Technically it was a challenge. Low light, multiple cameras (Nikon D600 and Canon HF S200) which required matching color and sensitivity.
What worked:
- Limiting video AGC on Canon HFS200 to 10db, sometimes even to 6 or 3db. Zebra pattern helps a lot! I wish Nikon D600 had it.
- Nikkor 24-85 proved to be a good video lens! AF was almost silent. Used it at 35mm, F5.6 for wide shots.
- Sonya did a good job operating D600 - I used a lot of her slow pans instead of my close shots - I do have a tendency to rush - need to slow it down.
- Sony Vegas 12 Pro multi-track editing proved to be very efficient. Loved it!
- Sony Vegas 12 Pro color-matching plugin is awesome!
- Connecting recorder to video camera offered no tangible benefits. I set the camera audio level manually. That of the recorder was on auto. I still used sound file from the recorder.
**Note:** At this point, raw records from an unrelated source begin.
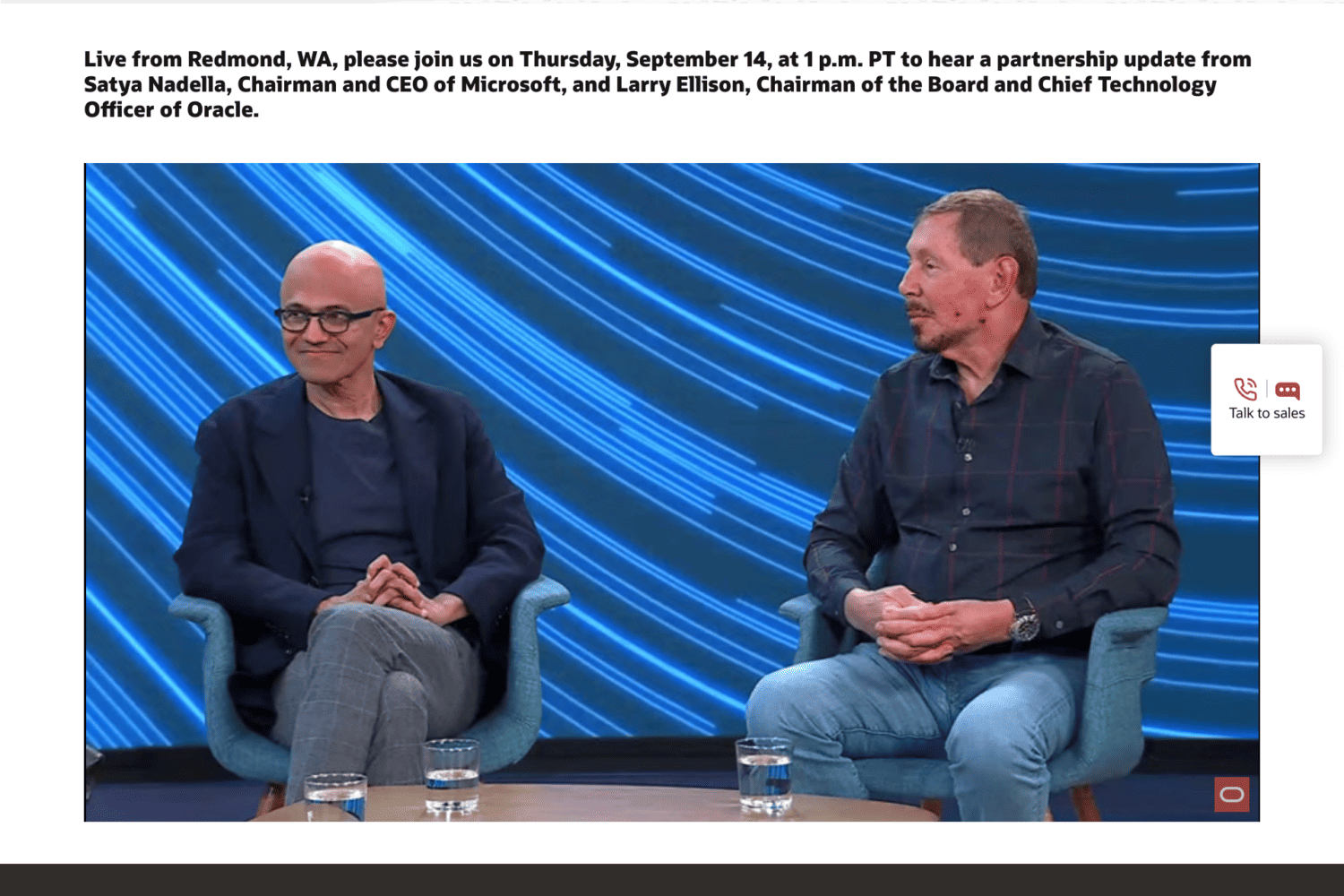 screencapture-oracle-cloud-azure-event-2023-09-14-22_11_55 Two men sitting in chairs on a screen.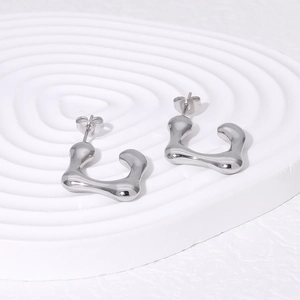 Irregular lava style silver stainless steel stud earrings on a rippled display stand
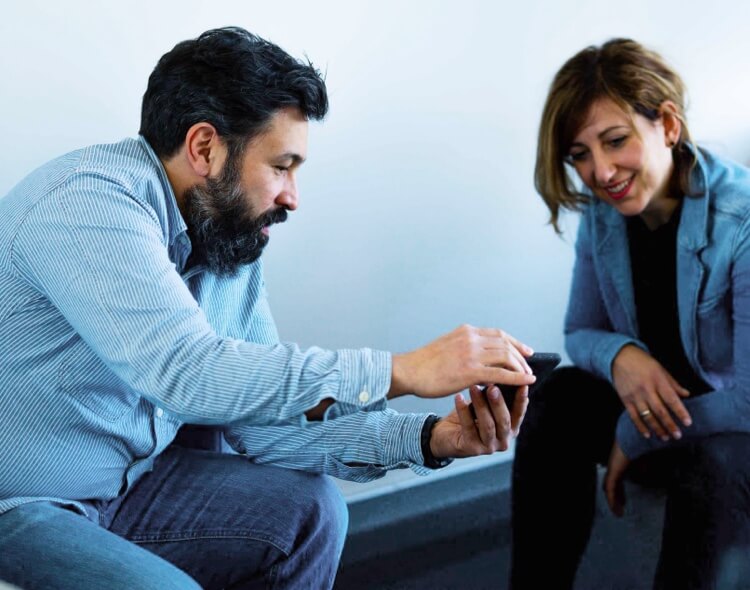 Ein Mann zeigt einer Frau auf einem Smartphone etwas, beide sitzen und lächeln.
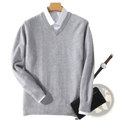 A soft heather gray men cashmere v neck pullover sweater with ribbed cuffs and hem hanging on a wooden hanger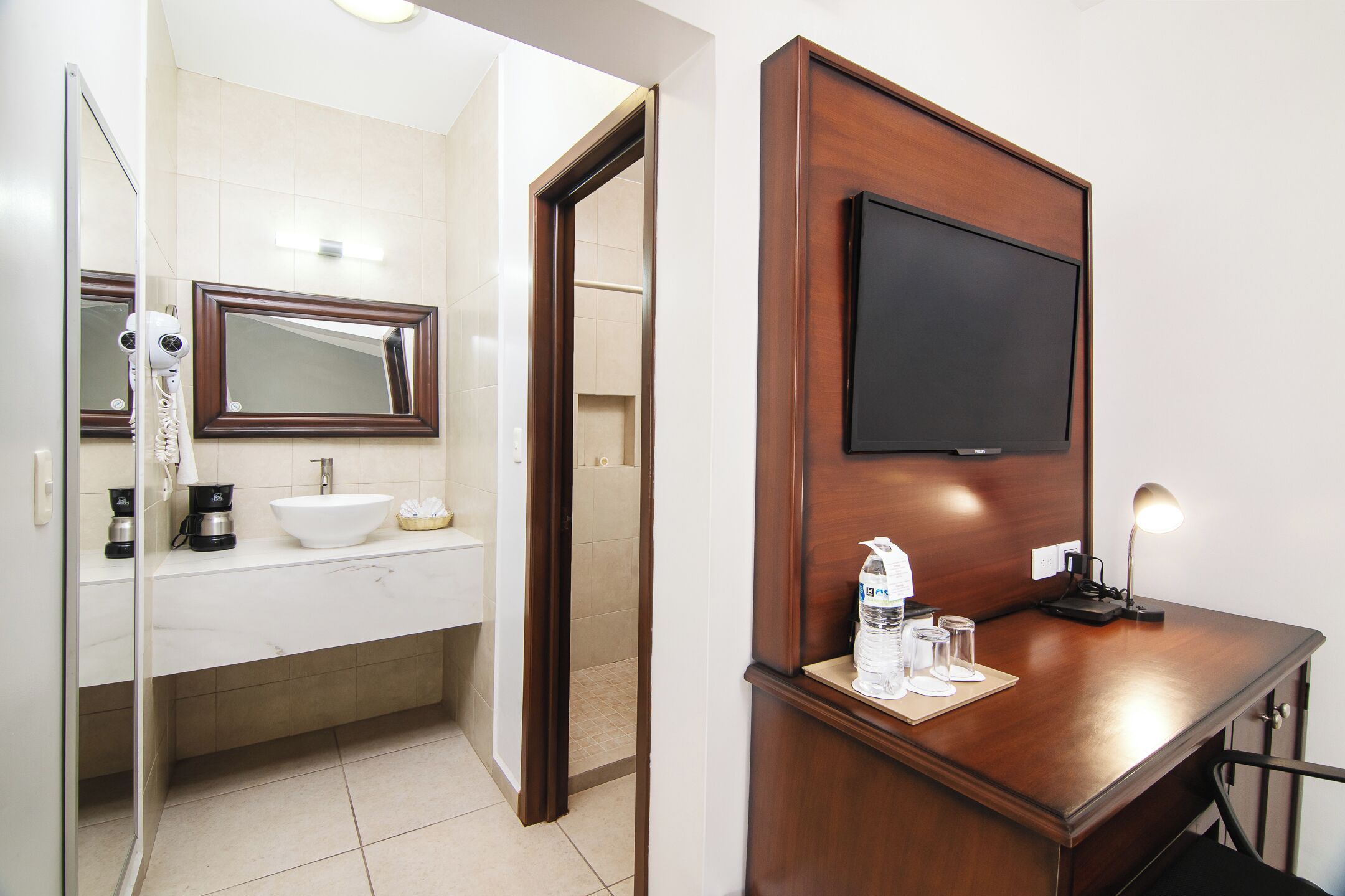 Un baño con lavamanos, espejo y televisor montado en la pared.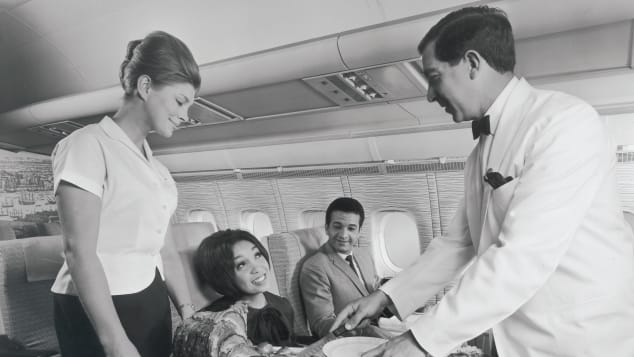 Sunday roast is carved for passengers in first class on a BOAC VC10 in 1964.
Video camera track was adequate.
- Setting DSLR and camcorder sensitivity to the same level was tough. I had D600 ISO on 1600 to avoid high noise. It proved to be too much although histogram of a shot I took seemed to be adequate. I wish zebra was there on Nikon.
- DSLR was set on constant AF with face recognition. Worked OK although on few occasions focus was on a wrong person. Call it operator error.
- My efforts to set custom white balance on both HF S200 and D600 failed. the Scene light had so many colors the balance on D600 and HFS200 never matched. Next time I will just set it to one Kelvin value.
- Overall I am not happy with D600 footage. To prepare I read these reviews and was concerned about noise and moire. Yet the resulting footage lacks...dynamic range. I see blobs of colors with not enough details (when compared to HF S200!) in either highlights or shadows. This makes no sense. At all. Oh and I forgot to reset picture style to totally neutral - I think I had it on Standard, but the effect could not be that bad!